1. Notations

  • P(X) = Probality of event X.
  • P(X|Y) = Probability of X given that Y has occured.

2. Pre-requisites

  • You need to have knowledge of basic probability theory. If you are comfortable in calculating probabilities of discrete events and comfortable with the sum rule and product rule then you're good to go (If you're not, don't worry, I've tried to give a terse explaination using an example below). Try out this question.

Que - Bag A has 5 red and 3 blue balls, Bag B has 6 red and 4 blue balls. The probability that a person chooses Bag A is 0.3 and he'll choose Bag B with probability 0.7. What is the probability of a person selecting a blue ball from bag B? What is the total probability of him coming out with a red ball?

Ans -

  • Probability of choosing blue ball from B = (He chooses B) and (and then he selected blue ball from B) i.e ${P(B)\times P(blue\mid B)}$. If your answer is 0.28, then you're comfortable with the product rule.

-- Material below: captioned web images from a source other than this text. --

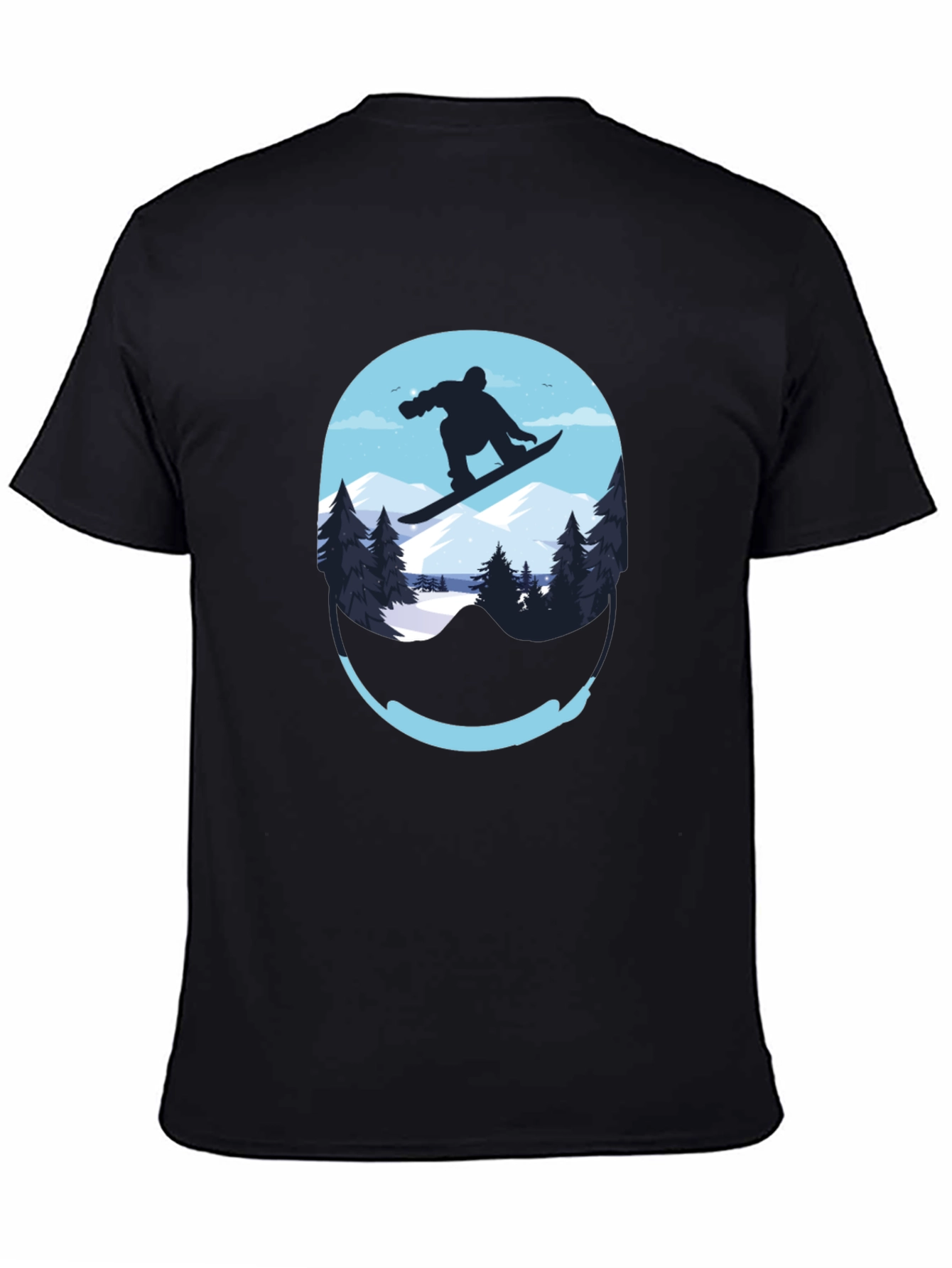 Black Snowboard Graphic Tee - Mountain Scene Black T-Shirt view 4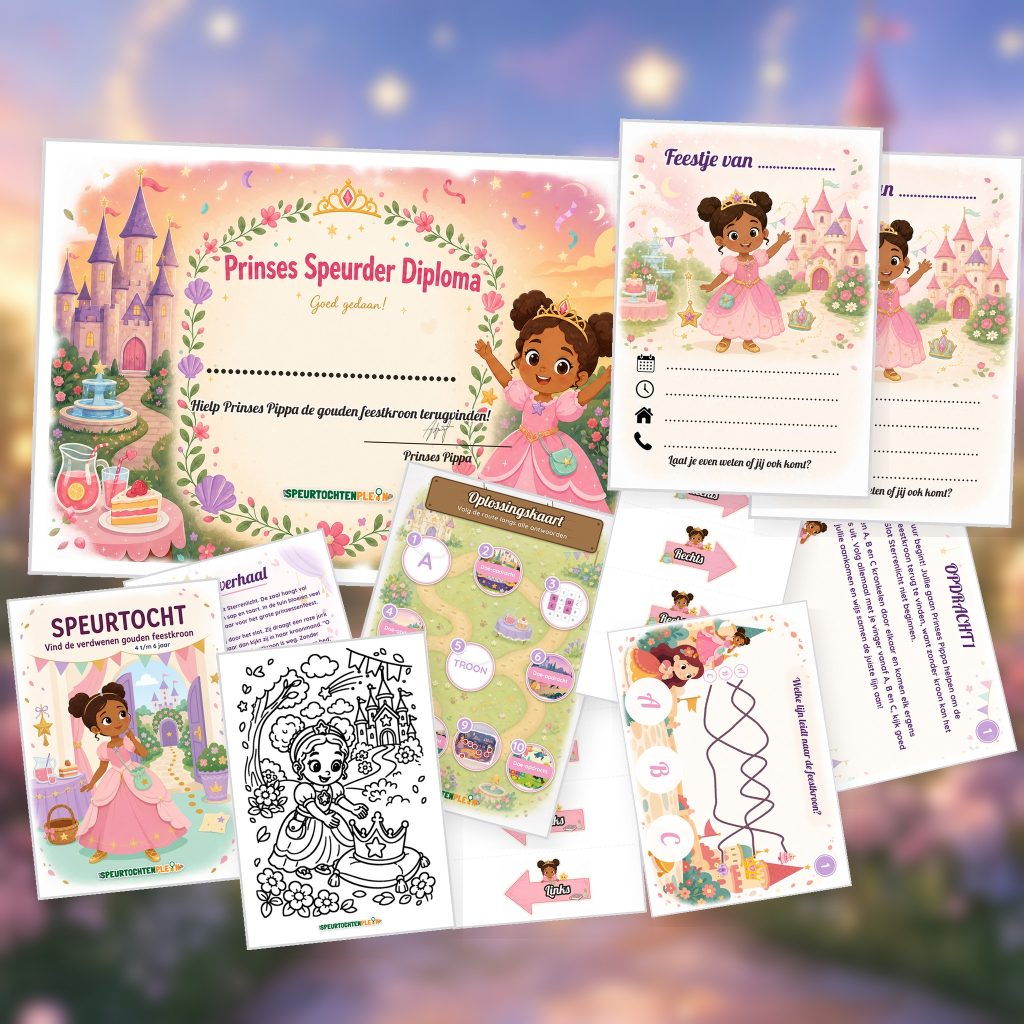 Complete Prinses Speurtocht voor een kinderfeestje met voorblad, opdrachtkaarten, uitnodigingen, diploma en kleurplaat
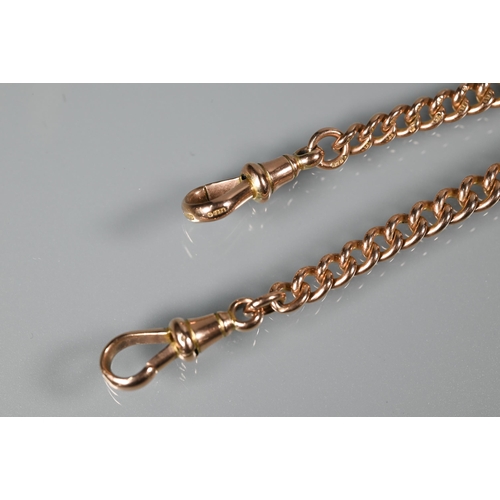 256 - A 9ct rose gold double Albert watch chain with two swivels and bar, 42 cm long, approx 44.7g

  • Probability of him coming out with a red ball = (He chooses red ball from A) or (he chooses red ball from B) i.e ${P(A)\times P(red\mid A)+ P(B)\times P(red\mid B)}$. If your answer comes out to be 0.6075, then you're comfortable with the sum rule.

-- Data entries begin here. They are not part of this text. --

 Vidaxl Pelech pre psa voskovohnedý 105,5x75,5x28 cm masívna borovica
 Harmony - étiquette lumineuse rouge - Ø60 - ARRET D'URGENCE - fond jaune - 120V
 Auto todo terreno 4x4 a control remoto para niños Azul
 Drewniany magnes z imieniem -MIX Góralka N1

Intuitively, sum rule comes in play when there is a choice between mutually exclusive events (these events are generally seperated by a or between them) for eg. The event of (either choosing A and then a red ball) or (B and then a red ball) (as shown in second bullet point above). Product rule comes into play when two events occur simultaneously for eg. choosing bag B and then selecting a blue ball from it (as shown in first bullet point above).

3. Formula and basic jargon

Let me state the formula for Bayes' theorem quickly. Subsequently, I'll explain every term of the formula in detail using an example and introduce some basic jargon along the way.

${\displaystyle \large P(A\mid B)={\frac {P(B\mid A)P(A)}{P(B)}}}$ (3.0)

Let's try to understand this formula by investigating a theft incidence.

There are two secret vaults A and B. Vault A contains 6 gold bars and 2 diamonds. Vault B contains 2 gold bars and 8 diamonds. Vault A is easier to break open and therefore if a thief encounters both vaults he's more likely to break into A than in B. Let's say a thief will break in A with probability 0.7 and in B with probability 0.3. Unfortunately, despite all the security, a theft occurs. Due to security alarms, thief had to rush and could only take whichever piece of ornament he could get his hands on (In other words, he didn't have the time to think that diamond is more precious so I should pick diamond instead of gold). After the heroic efforts of the police, the thief is caught and he's found having a diamond. You are a detective but like Sherlock Holmes, unauthorised. You have a personal history with the thief and want to get some more lead into this case by knowing from which vault the theft occured. Sadly, being unauthorised, you're not allowed to enter the crime scene. Thus, you would have to guess the vault from which the thief has stolen the diamond? Let's say you hypothesise that he must have stolen from A because it was easier to break into. Subsequently, you go home and then sit down with a pen and paper to test the validity of your hypothesis using the Bayes' theorem

Let us define some symbols first,

  • ${P(A)}$ = probability of breaking into A which is given as 0.7.
  • ${P(B)}$ = probability of breaking into B which is given as 0.3.
  • ${P(G)}$ = probability of stealing the gold bar.
  • ${P(D)}$ = probability of stealing the diamond.

You have to compute probability of thief having broken into A given that diamond was found in his hand i.e ${P(A\mid D)}$. Expanding this term using the formula 3.0 gives us: ${\displaystyle P(A\mid D)={\frac {P(D\mid A)P(A)}{P(D)}}}$ (3.1)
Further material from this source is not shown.